Information provided ->
= = = = =

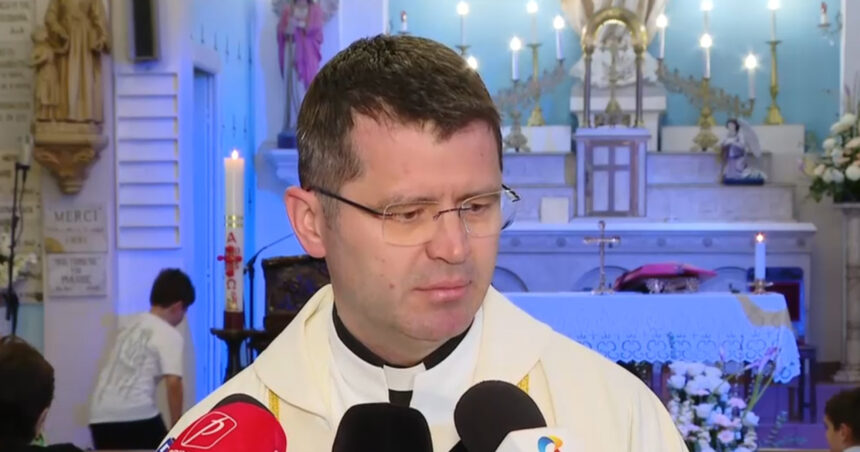 „Speranțe de pace în lăcașurile de cult: Reacții ale Bisericii Catolice din România după dispariția papei” 1 video ne rugam sa nu fie in biserica lupte precum cele politice mesaje din cadrul bisericii catolice din romania dupa moartea papei 6806412b1340b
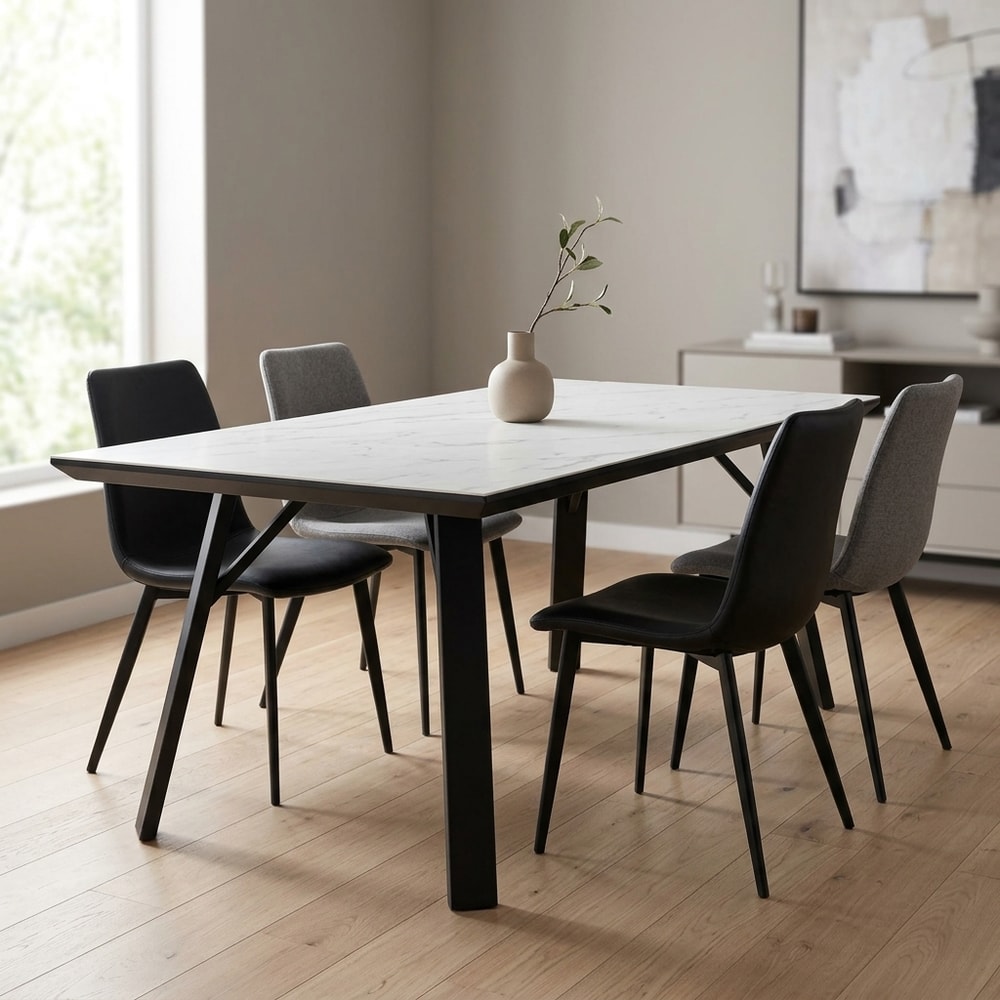 Mesa de comedor efecto mármol y patas negras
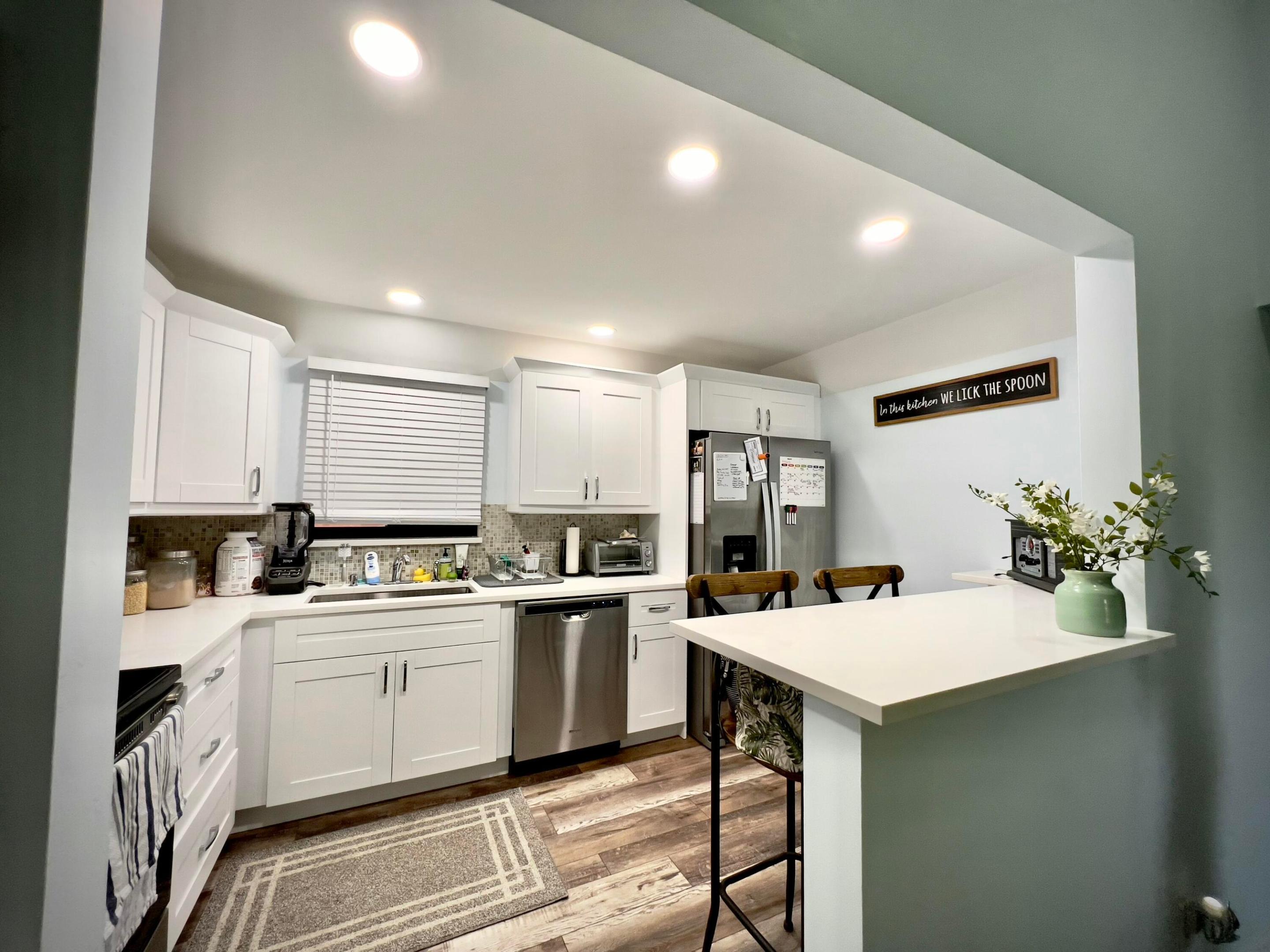 VILLA VALENCIA CONDO - Residential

= = = = =

What the exercise asks ->
Would you please retype all the data exactly? Leave out whatever pictures it holds.

Exercise output ->
 „Speranțe de pace în lăcașurile de cult: Reacții ale Bisericii Catolice din România după dispariția papei” 1 video ne rugam sa nu fie in biserica lupte precum cele politice mesaje din cadrul bisericii catolice din romania dupa moartea papei 6806412b1340b
 Mesa de comedor efecto mármol y patas negras
 VILLA VALENCIA CONDO - Residential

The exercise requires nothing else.